__Problem to work on__. Working from the records below, return word for word the line that contains "Par une nuit" and each line after it, ending with the last. Skip all pictures.

[Stored data entries]
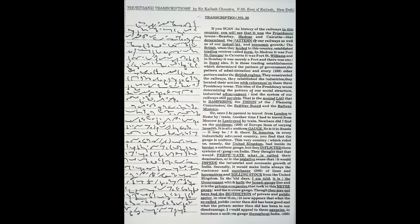it was the government which built the broad gauge lines and the private companies that built the meter gauge and narrow gauge. Though they may not have had the distinction of private and public sector in view then, it now appears that what the public sector did has been good and what the private sector did has been to our disadvantage. I would appeal to these agencies to introduce a uniform gauge throughout India.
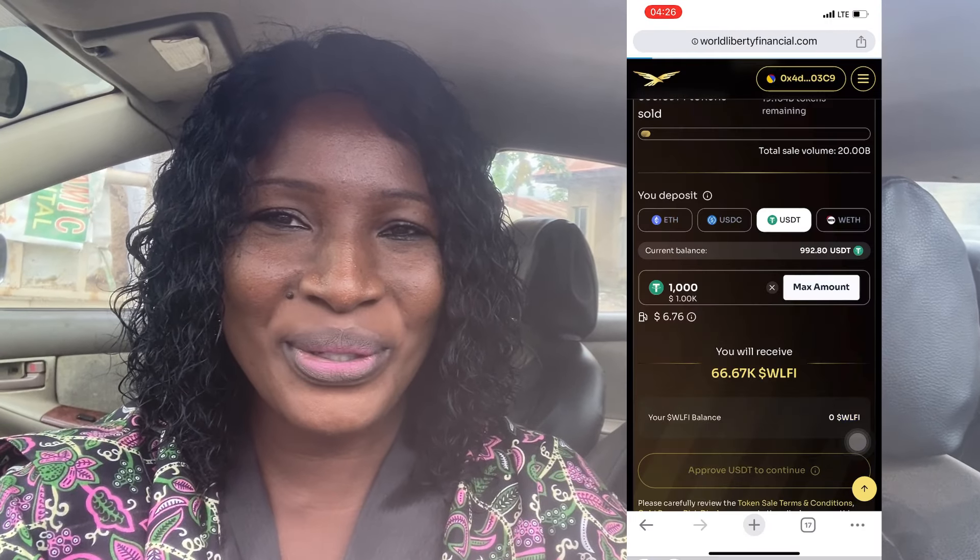In this video I'm going to practically show you how to buy the Donald Trump coin — the World Liberty Finance coin. In the description of this video I'm going to drop the link you can use to go to the website to buy, or to be on a safer side you can also go to Twitter. Without wasting much of your time, let's go to the practical aspect of this video.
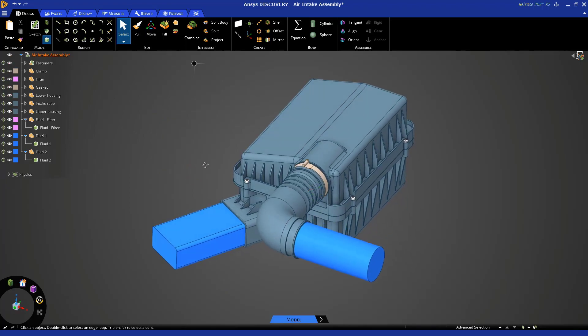We're very close to being done. We have created the flow volume, split it up, moved the bodies to different components, and extended the inlets and outlets — which is a good practice. The last thing we need to do is create some naming conventions for the different faces and bodies that will be used in your Fluent or CFX solver.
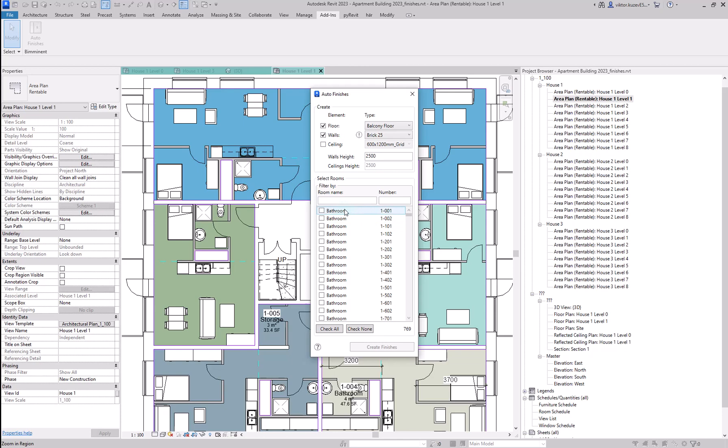So if I want to filter the bathrooms in this house, I can filter here by typing bathroom, which is the name of the rooms.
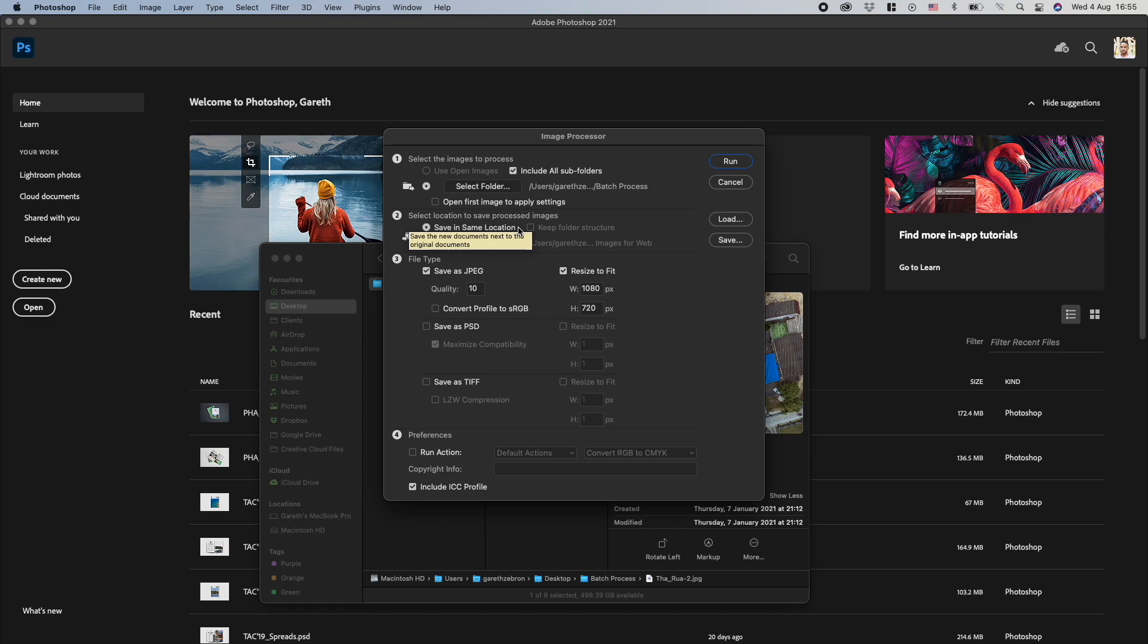So this will create a folder, a subfolder, in where your batch processing source folder is. You could also select a folder and save it to another location.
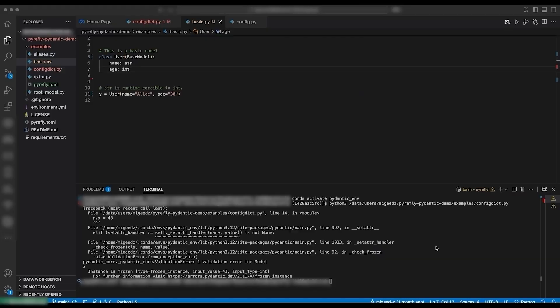Some information is only available at runtime, and Pydantic leverages this information by offering two modes of validation: lax mode and strict mode. Lax mode is the default. In lax mode, Pydantic allows runtime coercion. Let's go back to our editor — we're now in basic.py.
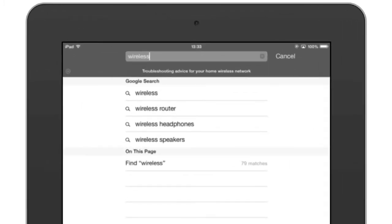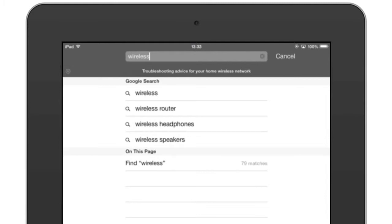As you can see, we are now presented with a list of our search results. At the top of the list are the results of a Google search. This is because Google is the default search engine that my version of Safari is using on my iPad. However, there is also on this page a search which has found 79 matches for the word wireless.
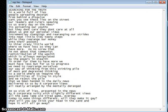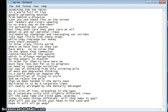No, no, screw that. I'm not about the communist redistribution of wealth which is always manipulated by the powers in stealth. In order for them to have more, we must have less, but for us to progress...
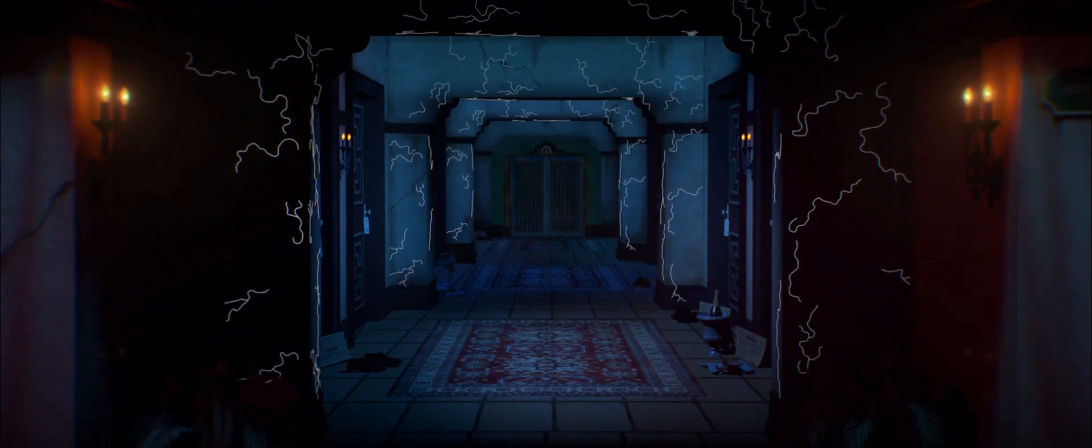Par une nuit d'orage il y a fort longtemps, cinq personnes passèrent les portes d'un ascenseur pour vivre un cauchemar. L'orage est maintenant de retour et les portes s'entrouvrent à nouveau. Mais cette fois-ci, elles s'ouvrent pour vous.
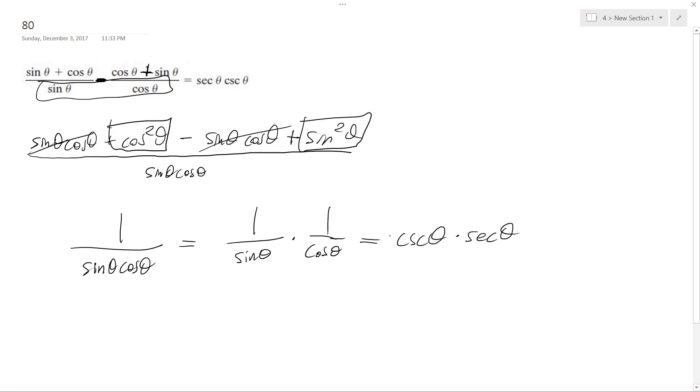Which is exactly what we have above, it's just arranged differently. So I could just write secant theta cosecant theta, so it's equal to that.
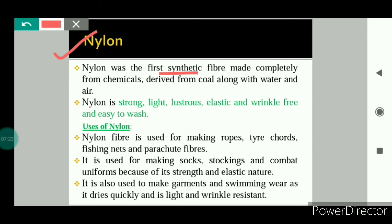Next is nylon. Nylon was the first synthetic fiber made completely from chemicals — derived from coal along with water and air — making it the first fully synthetic fiber. If we talk about the characteristics of nylon: it is strong, light in weight, lustrous, elastic, wrinkle-free, and easy to wash.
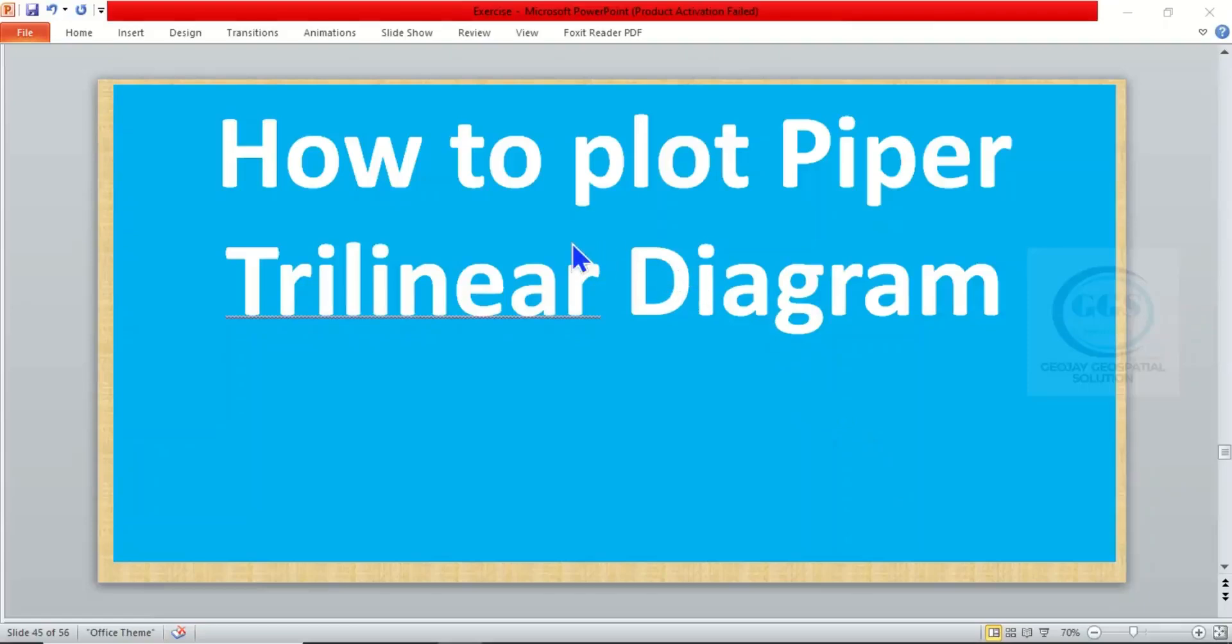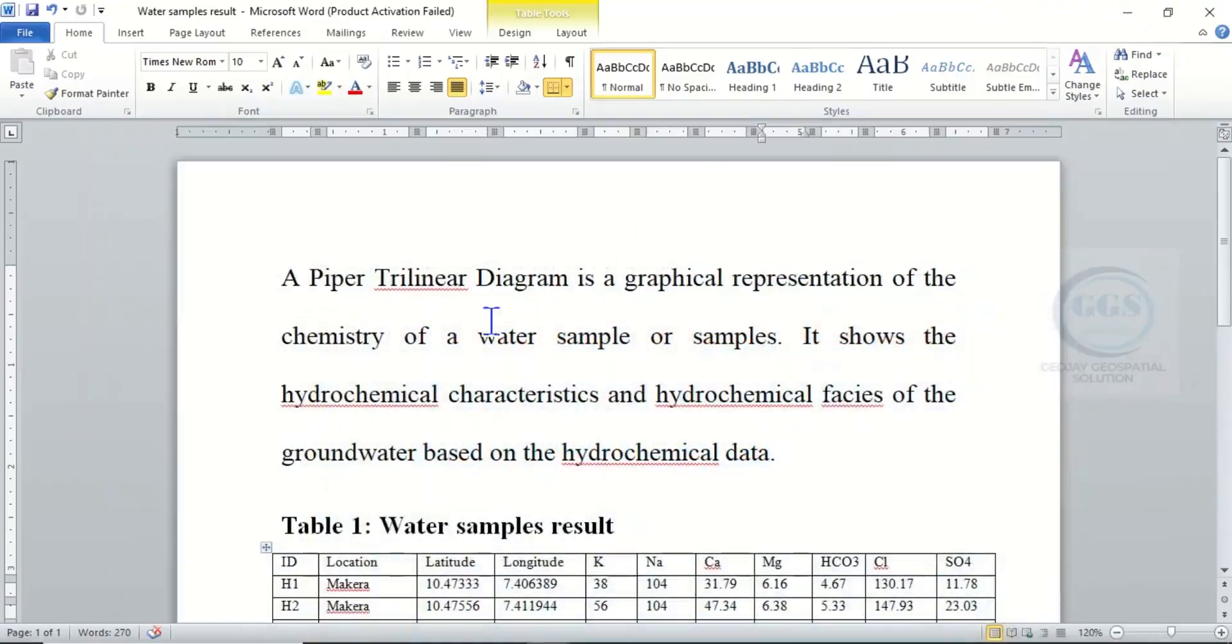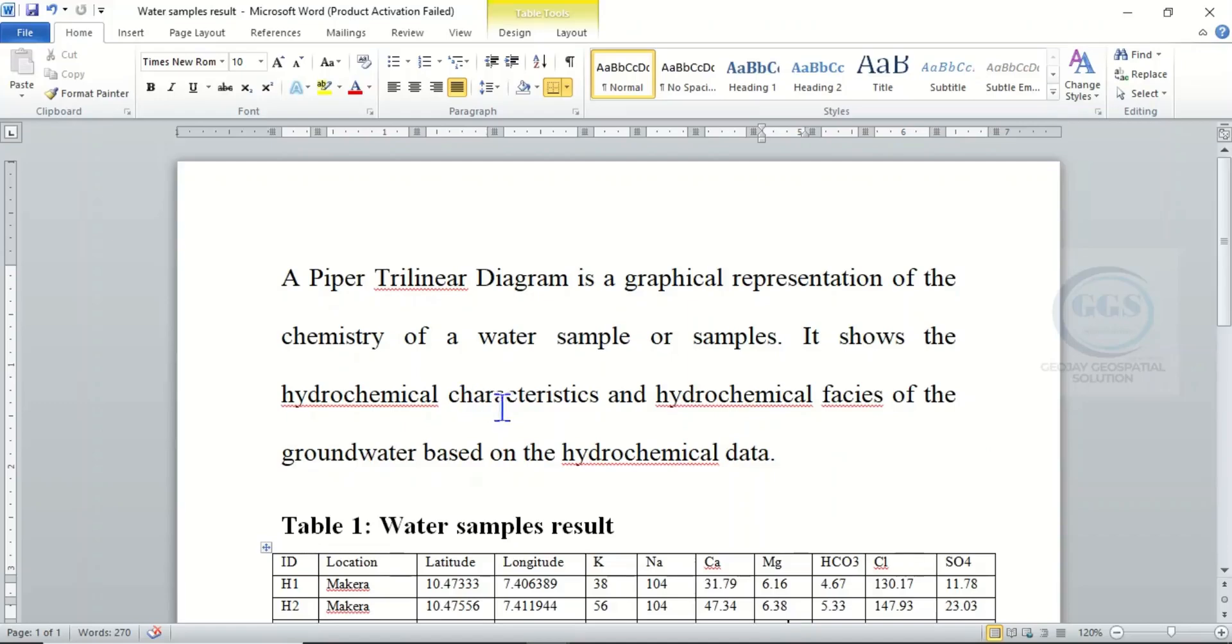In today's tutorial, I want to show you how to plot Piper trilinear diagrams. A Piper trilinear diagram is a graphical representation of the chemistry of water samples. It shows the hydrochemical characteristics and the hydrochemical facies of groundwater.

__Your response__.
Par une nuit d'orage il y a fort longtemps, cinq personnes passèrent les portes d'un ascenseur pour vivre un cauchemar. L'orage est maintenant de retour et les portes s'entrouvrent à nouveau. Mais cette fois-ci, elles s'ouvrent pour vous.
Which is exactly what we have above, it's just arranged differently. So I could just write secant theta cosecant theta, so it's equal to that.
Next is nylon. Nylon was the first synthetic fiber made completely from chemicals — derived from coal along with water and air — making it the first fully synthetic fiber. If we talk about the characteristics of nylon: it is strong, light in weight, lustrous, elastic, wrinkle-free, and easy to wash.
In today's tutorial, I want to show you how to plot Piper trilinear diagrams. A Piper trilinear diagram is a graphical representation of the chemistry of water samples. It shows the hydrochemical characteristics and the hydrochemical facies of groundwater.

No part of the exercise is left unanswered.